TRY IT - Transcribe every entry that follows exactly, omitting all pictures.

•••••

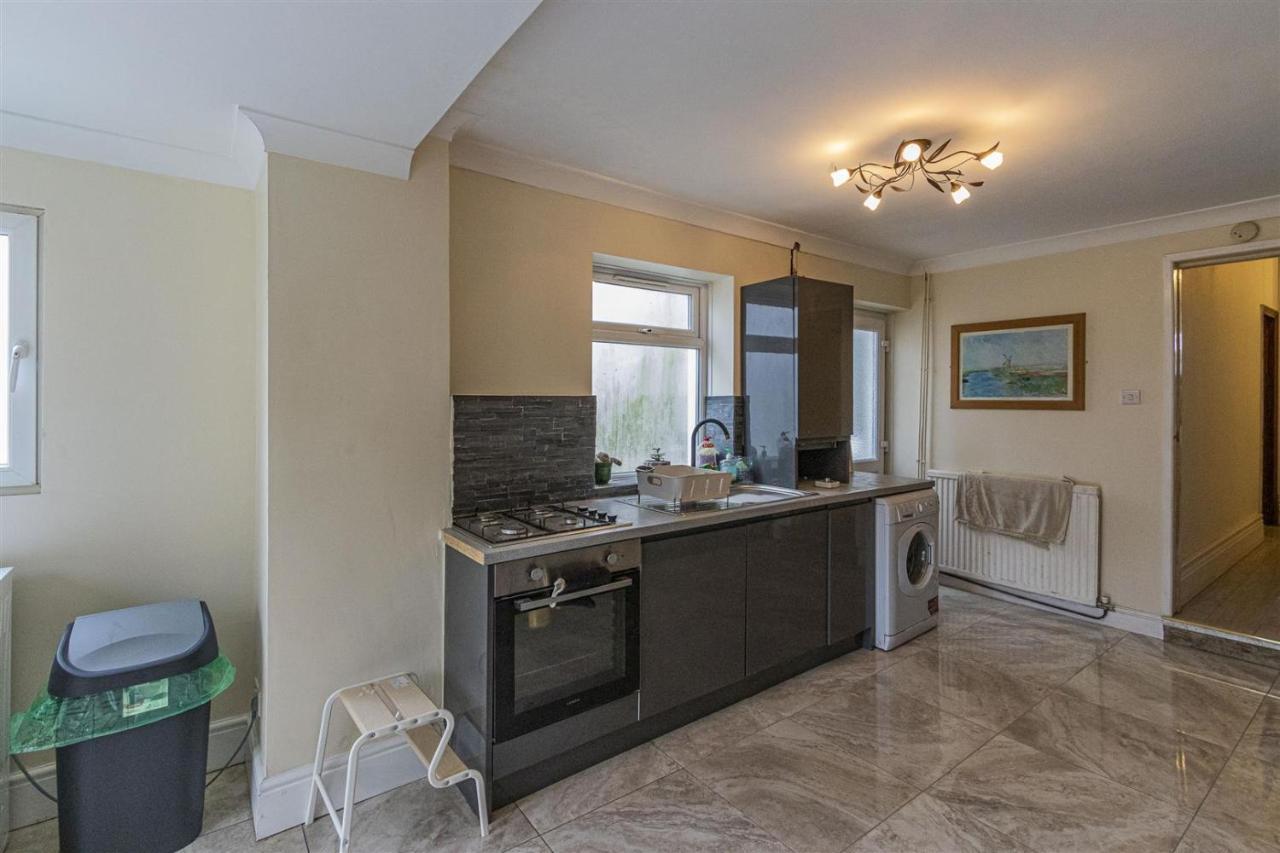 Millennium Stadium Guest House Кардіфф Екстер'єр фото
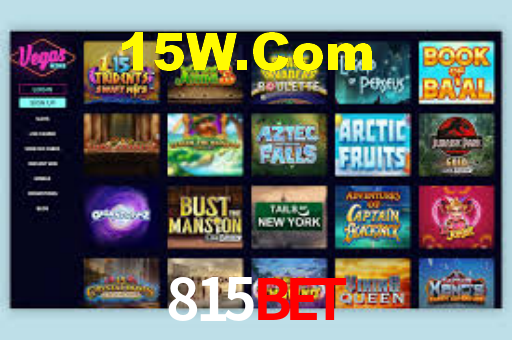 Bônus Generosos e Exclusivos no 815Bet para Você!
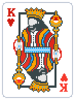 K♥
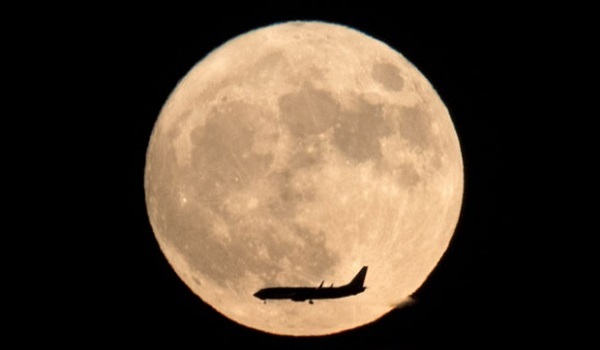 Mengenal Supermoon Ekstra dan Gerhana Bulan Total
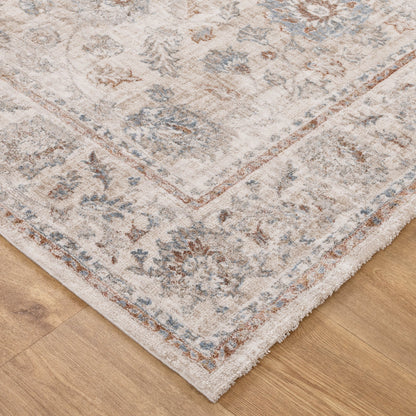 Solace Brown Transitional Rug
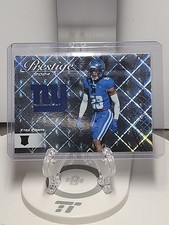 2024 Panini Prestige - SP Rookies Andru Phillips #400 Xtra Points Diamond (RC)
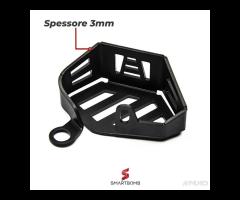 Protezione serbatoio olio freni BMW GS 1200 1250 - 8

•••••

RESPONSE FOR THIS EXERCISE -
 Millennium Stadium Guest House Кардіфф Екстер'єр фото
 Bônus Generosos e Exclusivos no 815Bet para Você!
 K♥
 Mengenal Supermoon Ekstra dan Gerhana Bulan Total
 Solace Brown Transitional Rug
 2024 Panini Prestige - SP Rookies Andru Phillips #400 Xtra Points Diamond (RC)
 Protezione serbatoio olio freni BMW GS 1200 1250 - 8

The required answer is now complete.